Supreme Court and First Amendment

from NYTimes:
"The Supreme Court on Friday agreed to decide whether the First Amendment requires that the names of people who sign ballot-initiative petitions be kept secret." and "The Ninth Circuit panel said it was unclear whether petition signatures were speech protected by the First Amendment. In any event, it said, the signatures were gathered in public with no promise of confidentiality and collected on sheets with space for 20 signatures each."
James Bopp Jr., a lawyer for Protect Marriage Washington, said in a statement that the Ninth Circuit’s decision infringed “the rights of citizens who support a traditional definition of marriage to speak freely and without fear.”

If I sign a petition with 20 spaces on it, I can read who those people are and they can see mine.
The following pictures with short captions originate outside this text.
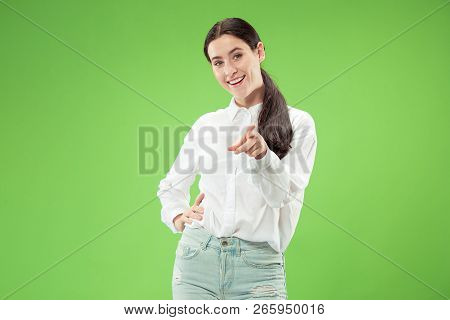 I Choose You And Order. The Smiling Business Woman Point You, Want You, Half Length Closeup Portrait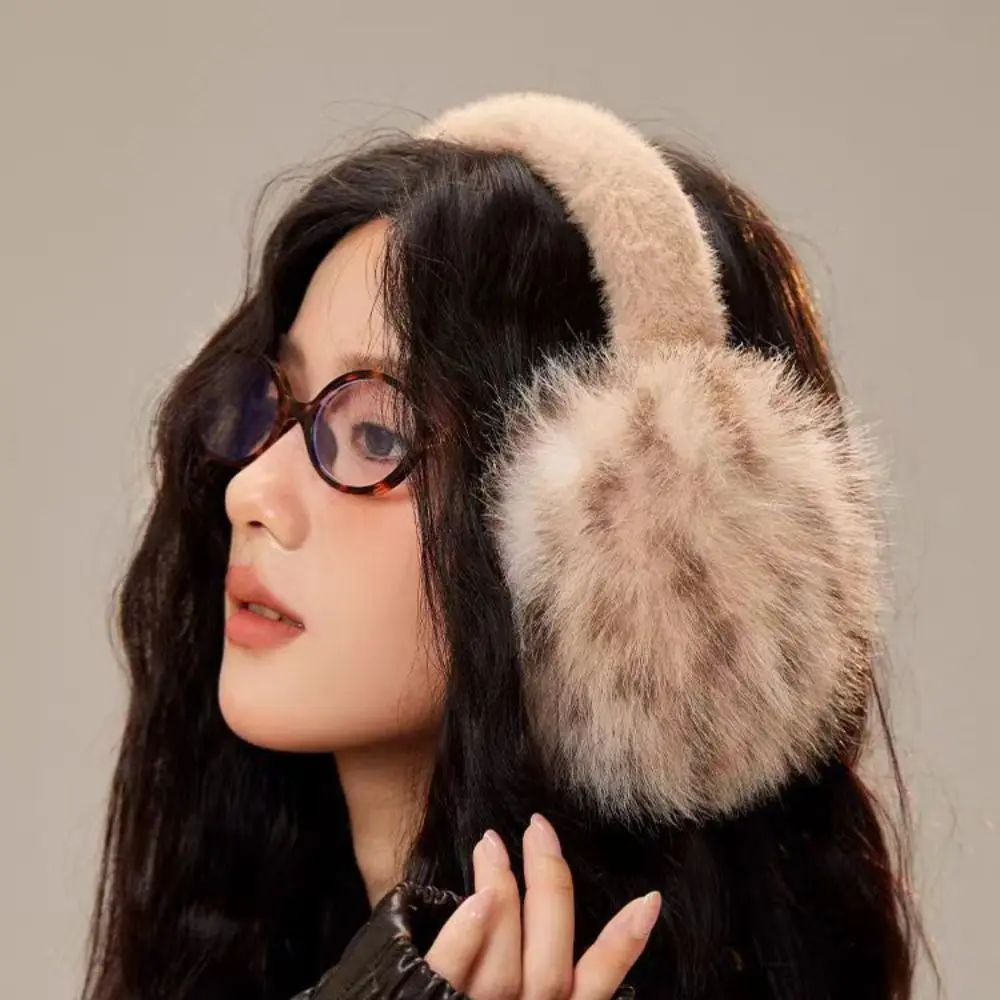 الشتاء الدافئة طوي غطاء للأذنين الباردة حماية ليوبارد طباعة لينة غطاء للأذنين سميكة التجمد فو الفراء الأذن يفشل #3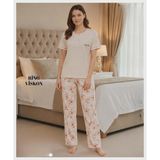 Mihra Kadın Ring Viskon Düğmeli Yaka Kısa Kol Likralı Pijama Takımı 40112B - 1 Adet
It’s public.

Read more below the fold:

More important is the nature of gathering signatures. 1. the petition is promoted by people with a point of view who are “sorting out” unwanted opinion. 2. there is no oversight and accountability. 3. the signatures are rarely verified as they are being taken (sometimes it’s a clipboard on the counter “Please sign”) 4. people lie and sign more than once with other names. 5. People sign without reading or they’ll sign a different sheet of paper with a different petition or they’ll take the interpretation with question.
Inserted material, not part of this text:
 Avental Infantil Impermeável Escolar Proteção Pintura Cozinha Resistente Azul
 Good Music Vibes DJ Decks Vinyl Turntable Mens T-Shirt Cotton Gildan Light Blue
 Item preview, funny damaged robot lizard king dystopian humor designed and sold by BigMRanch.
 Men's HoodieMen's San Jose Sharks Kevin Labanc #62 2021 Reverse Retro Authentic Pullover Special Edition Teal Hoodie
No, I need to KNOW that all those signatures are really people living in my town and that they have had the same presentation, read the same text, and did support the measure. I have seen petitions thrown out because the people who “signed” weren’t in state at the time and were against the proposal. Can’t do that if it’s all hush-hush.

An election is different because it is done under supervision of all parties, with strict rules of confidentiality. I have to present ID to prove I have registered and that I am I, etc. Even then, there are problems but I at least feel confident that the results reflect what the majority of the people in my town want, rather than a biased subslice of activists.

The lawyer is confusing the issue with ““the rights of citizens who support a traditional definition of marriage to speak freely and without fear.” If harassment’s a problem, then deal with the harassment.

You have the right to speak freely. That implies “in public” as well. Anyone who needs to speak freely while incognito can get a blog.

I can't wait for this decision to coincide with that law granting petitioners the ability to close schools.

Can you imagine a petition in which you can't challenge the signatures and but that you must take action for: you must close the school or change the administration? What an incredible mess that would be.